WHAT YOU HAVE TO DO
In your copy, include every entry exactly as written but no pictures.

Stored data
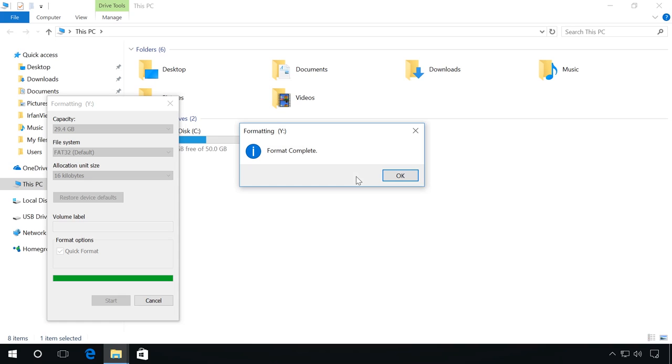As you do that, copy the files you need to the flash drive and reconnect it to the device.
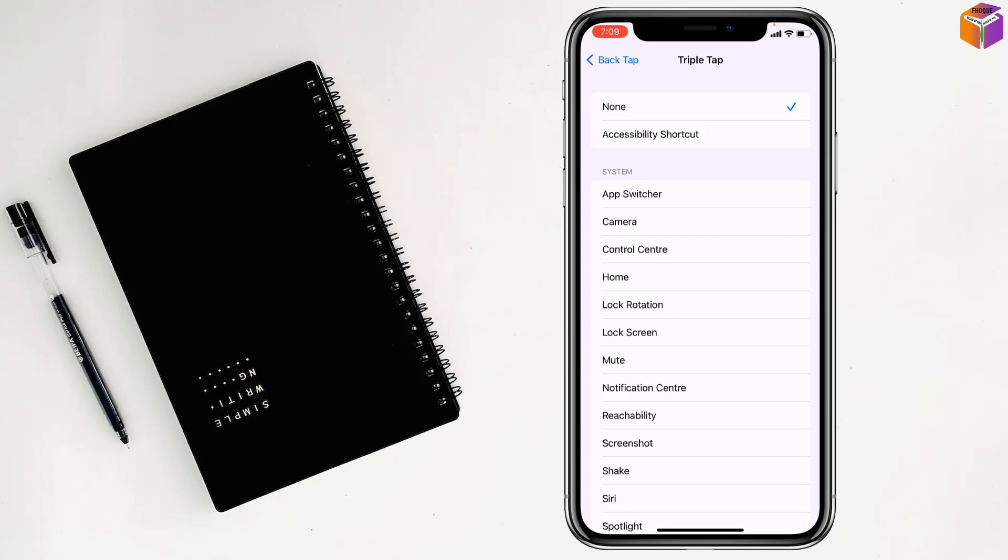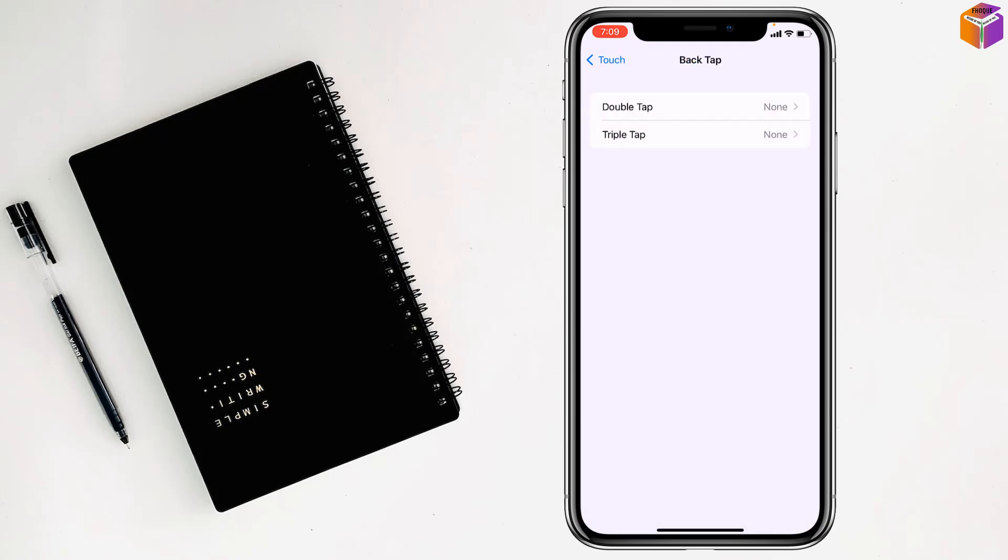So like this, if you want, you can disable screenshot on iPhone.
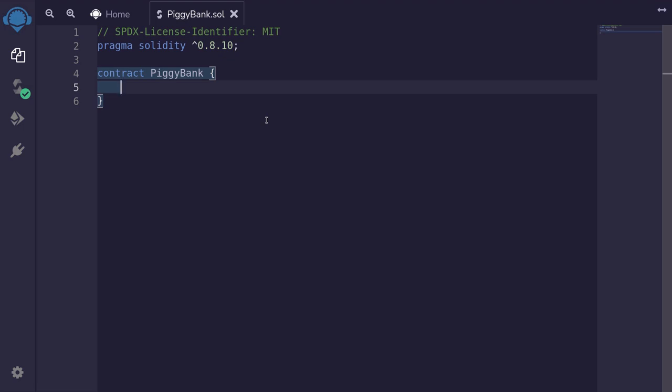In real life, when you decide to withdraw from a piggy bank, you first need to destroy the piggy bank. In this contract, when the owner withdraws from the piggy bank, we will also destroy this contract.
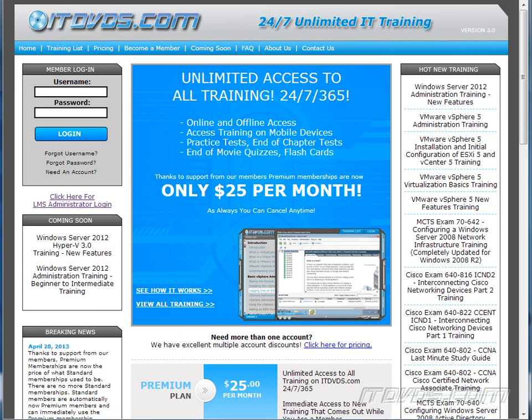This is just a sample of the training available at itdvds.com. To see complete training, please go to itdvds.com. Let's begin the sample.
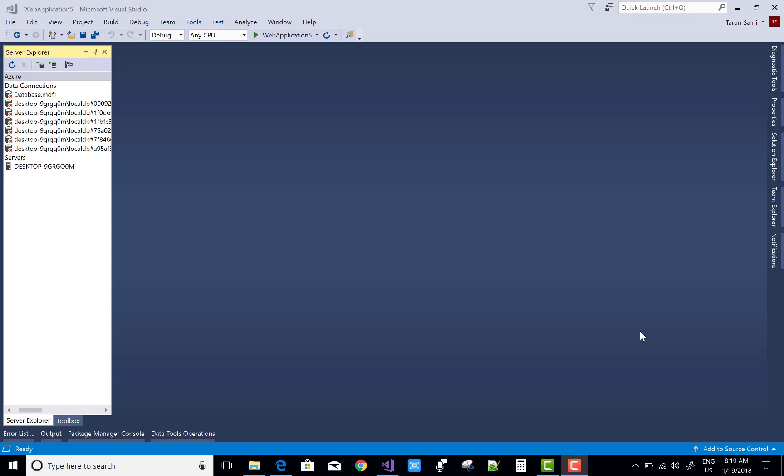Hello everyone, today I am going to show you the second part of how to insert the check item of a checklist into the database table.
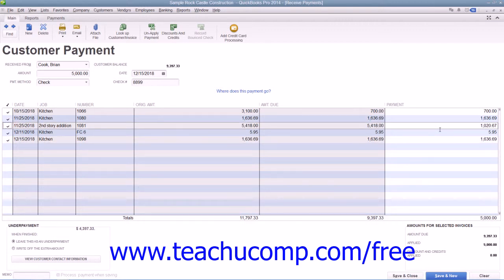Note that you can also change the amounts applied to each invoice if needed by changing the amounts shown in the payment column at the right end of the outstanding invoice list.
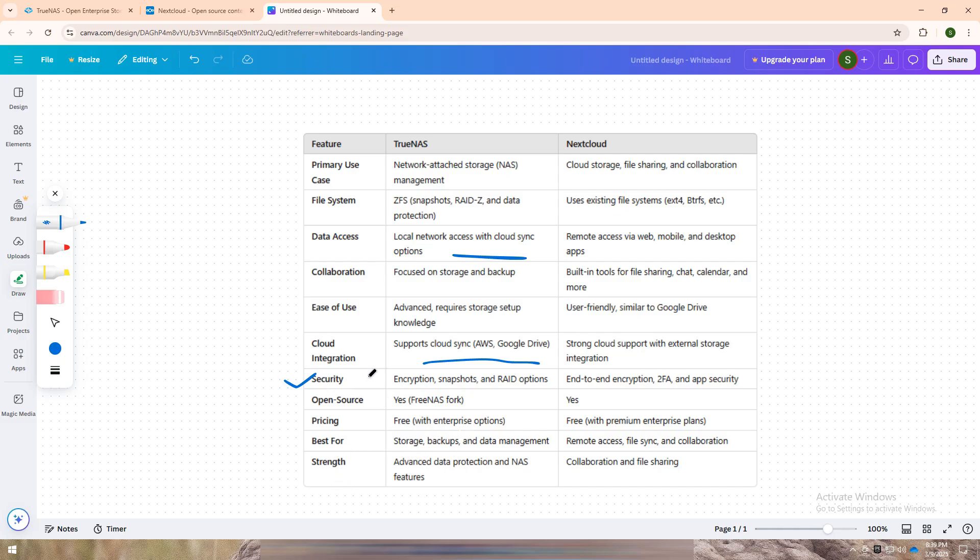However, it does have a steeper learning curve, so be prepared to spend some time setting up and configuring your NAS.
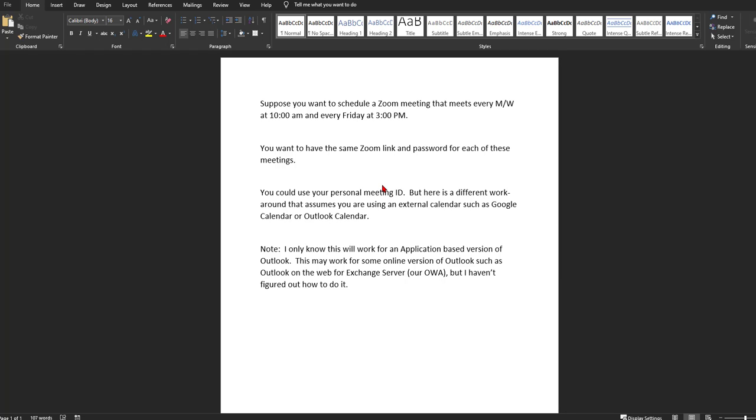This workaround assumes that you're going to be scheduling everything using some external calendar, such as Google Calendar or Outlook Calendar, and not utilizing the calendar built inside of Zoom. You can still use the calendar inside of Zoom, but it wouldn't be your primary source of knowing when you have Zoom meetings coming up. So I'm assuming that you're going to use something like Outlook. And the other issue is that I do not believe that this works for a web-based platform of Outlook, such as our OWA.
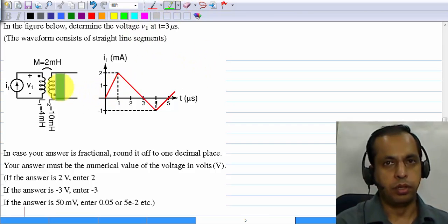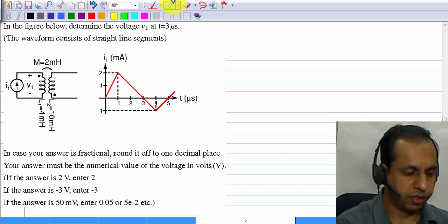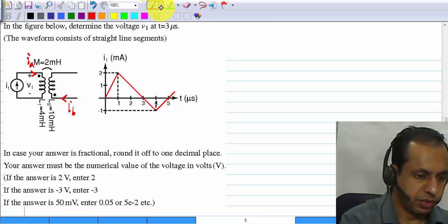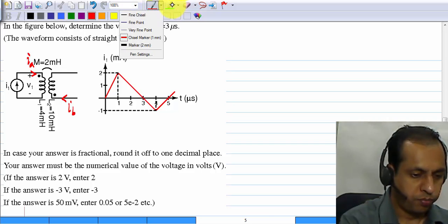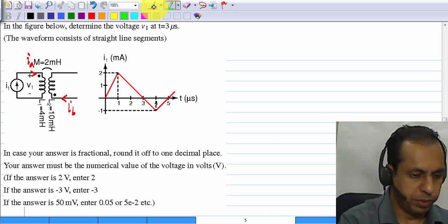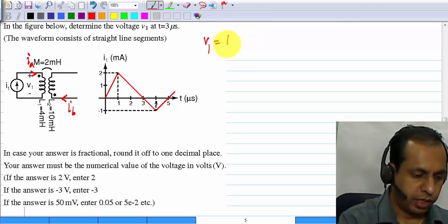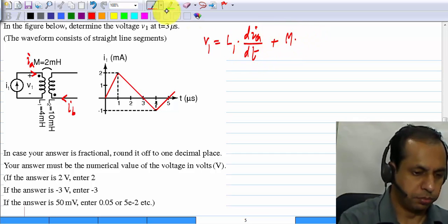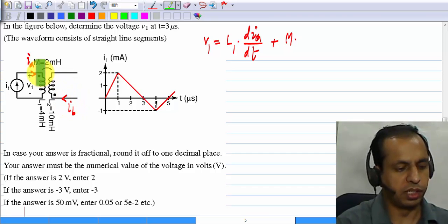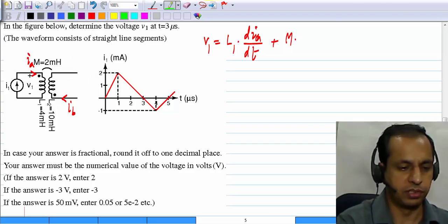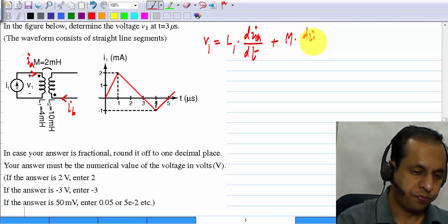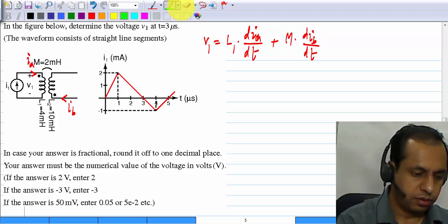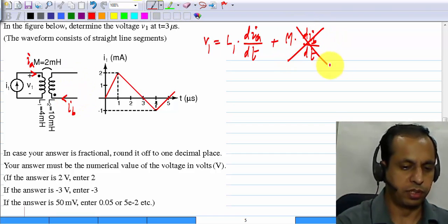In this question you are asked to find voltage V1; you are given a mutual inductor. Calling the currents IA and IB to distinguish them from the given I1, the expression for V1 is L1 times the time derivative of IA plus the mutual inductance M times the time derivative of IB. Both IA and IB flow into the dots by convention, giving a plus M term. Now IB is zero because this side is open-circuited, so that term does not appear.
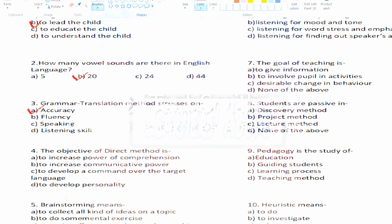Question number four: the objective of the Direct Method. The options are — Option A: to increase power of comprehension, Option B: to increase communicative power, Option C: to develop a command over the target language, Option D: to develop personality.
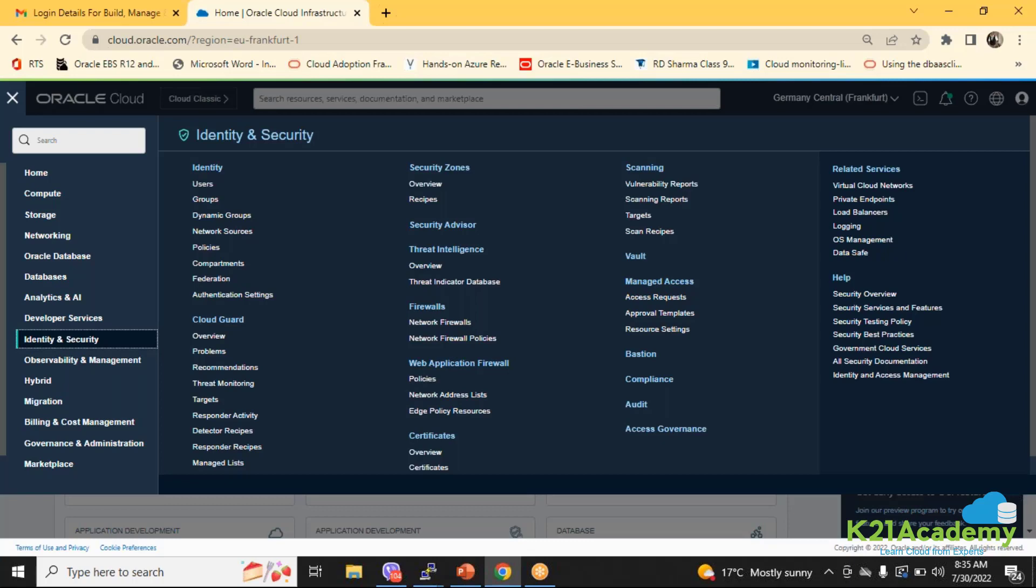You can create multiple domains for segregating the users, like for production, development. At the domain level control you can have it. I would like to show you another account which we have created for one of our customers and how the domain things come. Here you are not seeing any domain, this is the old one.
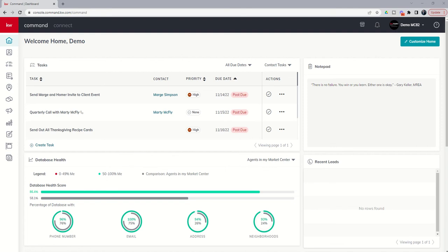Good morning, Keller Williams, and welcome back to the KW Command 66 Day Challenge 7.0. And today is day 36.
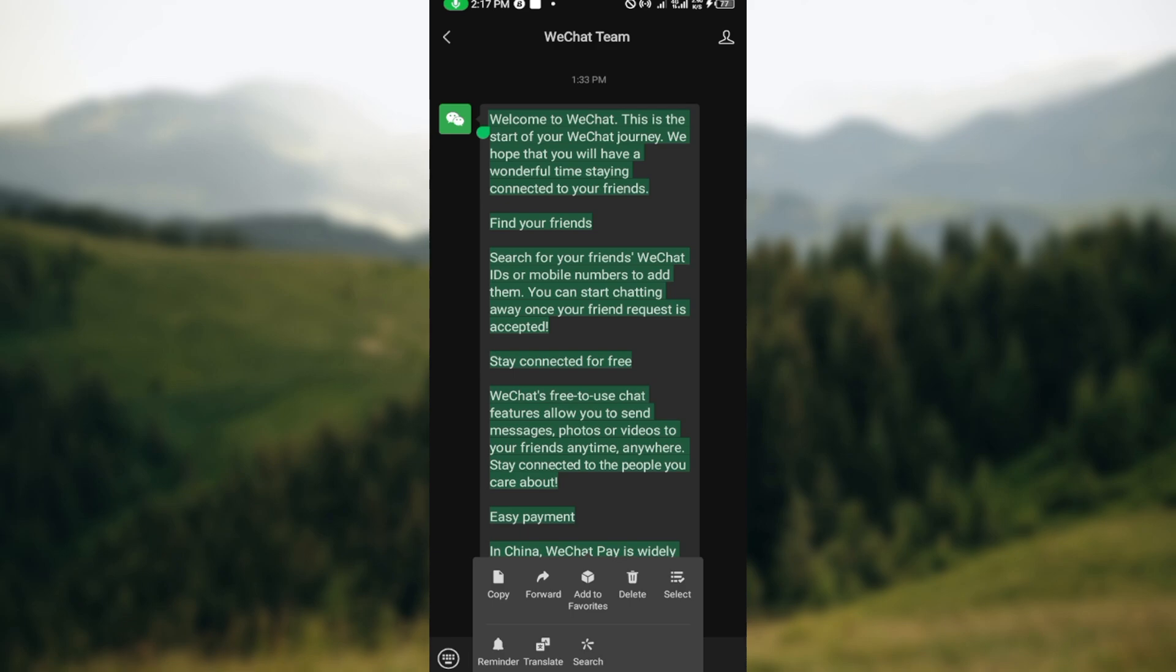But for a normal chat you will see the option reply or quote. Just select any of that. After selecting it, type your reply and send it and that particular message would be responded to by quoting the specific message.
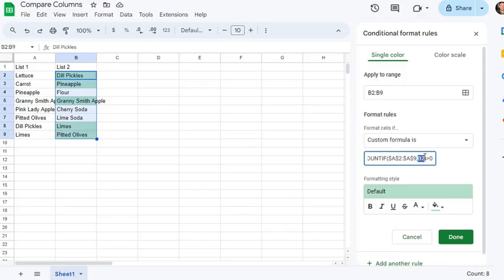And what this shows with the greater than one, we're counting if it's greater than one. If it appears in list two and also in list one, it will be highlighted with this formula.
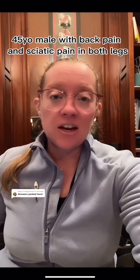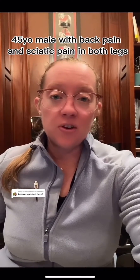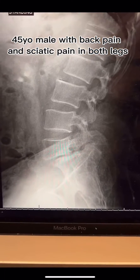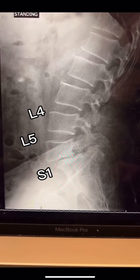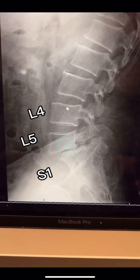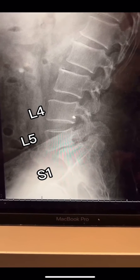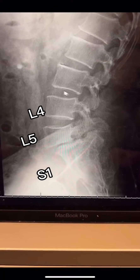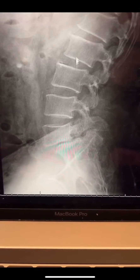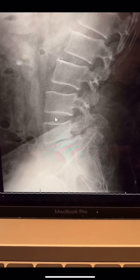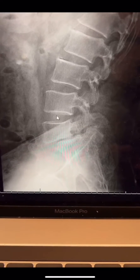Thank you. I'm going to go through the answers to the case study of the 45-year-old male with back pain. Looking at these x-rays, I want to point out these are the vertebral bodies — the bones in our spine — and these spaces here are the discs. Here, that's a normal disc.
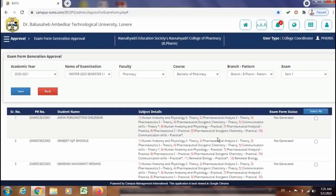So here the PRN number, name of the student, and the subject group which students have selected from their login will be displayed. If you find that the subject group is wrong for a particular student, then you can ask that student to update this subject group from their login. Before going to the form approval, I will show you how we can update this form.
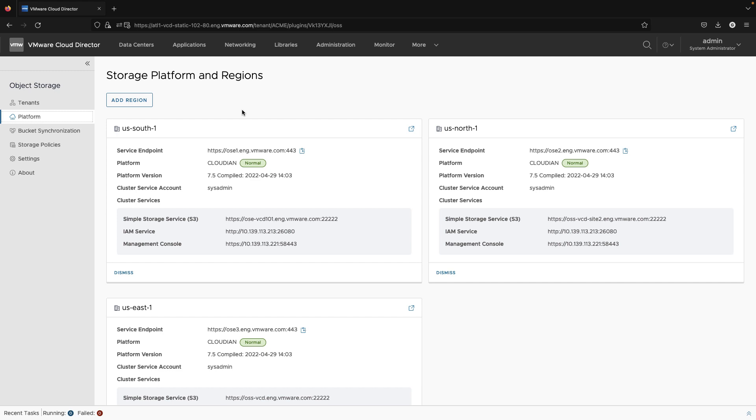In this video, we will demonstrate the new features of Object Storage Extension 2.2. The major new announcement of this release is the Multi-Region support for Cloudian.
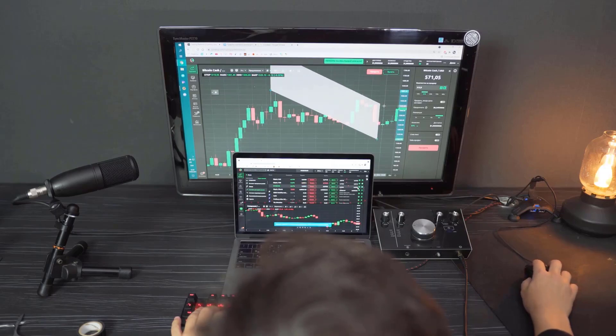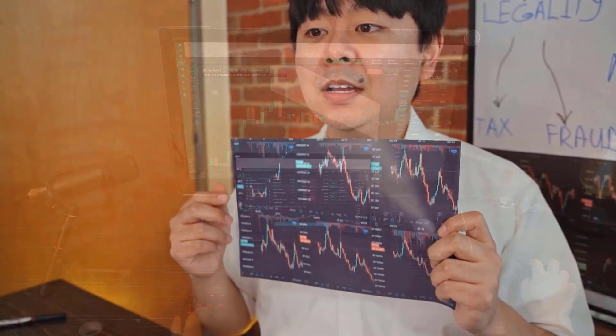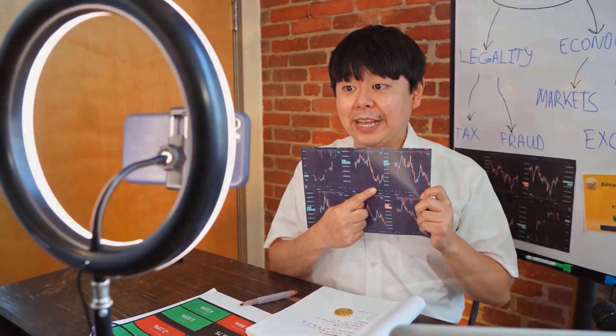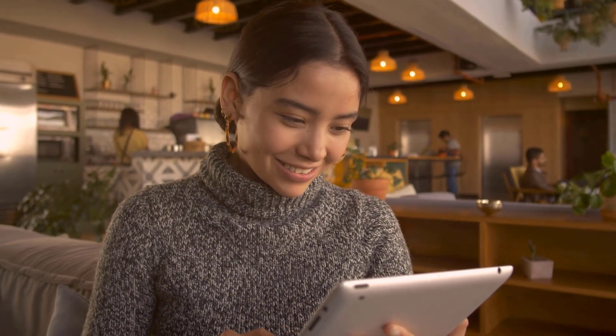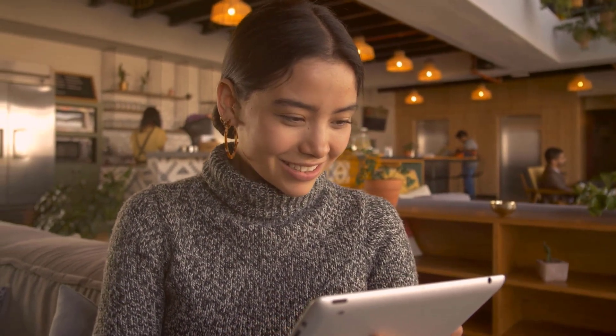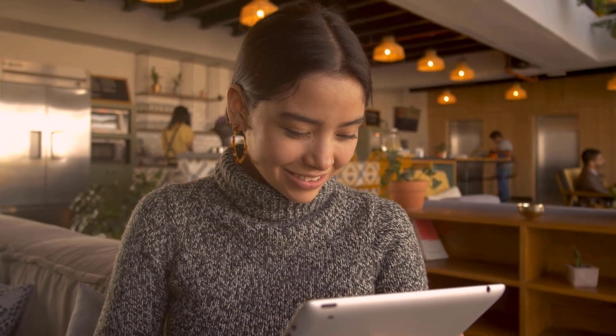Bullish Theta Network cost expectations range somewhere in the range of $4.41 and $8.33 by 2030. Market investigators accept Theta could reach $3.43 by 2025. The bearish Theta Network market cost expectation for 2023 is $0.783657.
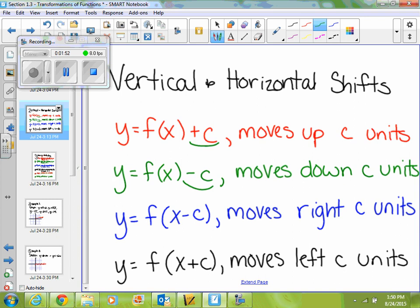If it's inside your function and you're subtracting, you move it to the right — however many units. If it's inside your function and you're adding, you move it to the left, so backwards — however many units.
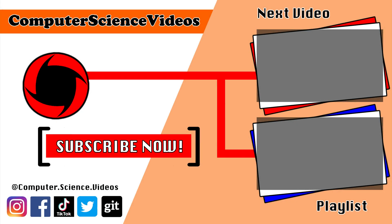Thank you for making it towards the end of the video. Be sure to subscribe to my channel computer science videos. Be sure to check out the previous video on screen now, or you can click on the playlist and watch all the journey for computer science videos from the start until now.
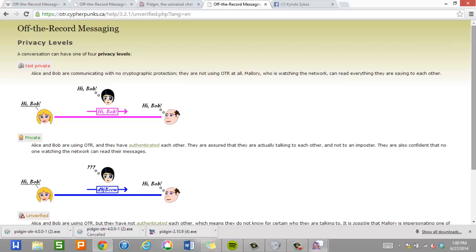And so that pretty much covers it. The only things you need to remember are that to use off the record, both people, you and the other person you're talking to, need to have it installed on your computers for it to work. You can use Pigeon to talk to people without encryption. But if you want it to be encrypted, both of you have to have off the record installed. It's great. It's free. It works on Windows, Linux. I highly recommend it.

REPLY TO THE EXERCISE
As you do that, copy the files you need to the flash drive and reconnect it to the device.
So like this, if you want, you can disable screenshot on iPhone.
In real life, when you decide to withdraw from a piggy bank, you first need to destroy the piggy bank. In this contract, when the owner withdraws from the piggy bank, we will also destroy this contract.
This is just a sample of the training available at itdvds.com. To see complete training, please go to itdvds.com. Let's begin the sample.
Hello everyone, today I am going to show you the second part of how to insert the check item of a checklist into the database table.
Note that you can also change the amounts applied to each invoice if needed by changing the amounts shown in the payment column at the right end of the outstanding invoice list.
However, it does have a steeper learning curve, so be prepared to spend some time setting up and configuring your NAS.
This workaround assumes that you're going to be scheduling everything using some external calendar, such as Google Calendar or Outlook Calendar, and not utilizing the calendar built inside of Zoom. You can still use the calendar inside of Zoom, but it wouldn't be your primary source of knowing when you have Zoom meetings coming up. So I'm assuming that you're going to use something like Outlook. And the other issue is that I do not believe that this works for a web-based platform of Outlook, such as our OWA.
In this question you are asked to find voltage V1; you are given a mutual inductor. Calling the currents IA and IB to distinguish them from the given I1, the expression for V1 is L1 times the time derivative of IA plus the mutual inductance M times the time derivative of IB. Both IA and IB flow into the dots by convention, giving a plus M term. Now IB is zero because this side is open-circuited, so that term does not appear.
Question number four: the objective of the Direct Method. The options are — Option A: to increase power of comprehension, Option B: to increase communicative power, Option C: to develop a command over the target language, Option D: to develop personality.
You can create multiple domains for segregating the users, like for production, development. At the domain level control you can have it. I would like to show you another account which we have created for one of our customers and how the domain things come. Here you are not seeing any domain, this is the old one.
Good morning, Keller Williams, and welcome back to the KW Command 66 Day Challenge 7.0. And today is day 36.
But for a normal chat you will see the option reply or quote. Just select any of that. After selecting it, type your reply and send it and that particular message would be responded to by quoting the specific message.
And what this shows with the greater than one, we're counting if it's greater than one. If it appears in list two and also in list one, it will be highlighted with this formula.
Thank you. I'm going to go through the answers to the case study of the 45-year-old male with back pain. Looking at these x-rays, I want to point out these are the vertebral bodies — the bones in our spine — and these spaces here are the discs. Here, that's a normal disc.
So here the PRN number, name of the student, and the subject group which students have selected from their login will be displayed. If you find that the subject group is wrong for a particular student, then you can ask that student to update this subject group from their login. Before going to the form approval, I will show you how we can update this form.
In this video, we will demonstrate the new features of Object Storage Extension 2.2. The major new announcement of this release is the Multi-Region support for Cloudian.
Bullish Theta Network cost expectations range somewhere in the range of $4.41 and $8.33 by 2030. Market investigators accept Theta could reach $3.43 by 2025. The bearish Theta Network market cost expectation for 2023 is $0.783657.
If it's inside your function and you're subtracting, you move it to the right — however many units. If it's inside your function and you're adding, you move it to the left, so backwards — however many units.
Thank you for making it towards the end of the video. Be sure to subscribe to my channel computer science videos. Be sure to check out the previous video on screen now, or you can click on the playlist and watch all the journey for computer science videos from the start until now.
And so that pretty much covers it. The only things you need to remember are that to use off the record, both people, you and the other person you're talking to, need to have it installed on your computers for it to work. You can use Pigeon to talk to people without encryption. But if you want it to be encrypted, both of you have to have off the record installed. It's great. It's free. It works on Windows, Linux. I highly recommend it.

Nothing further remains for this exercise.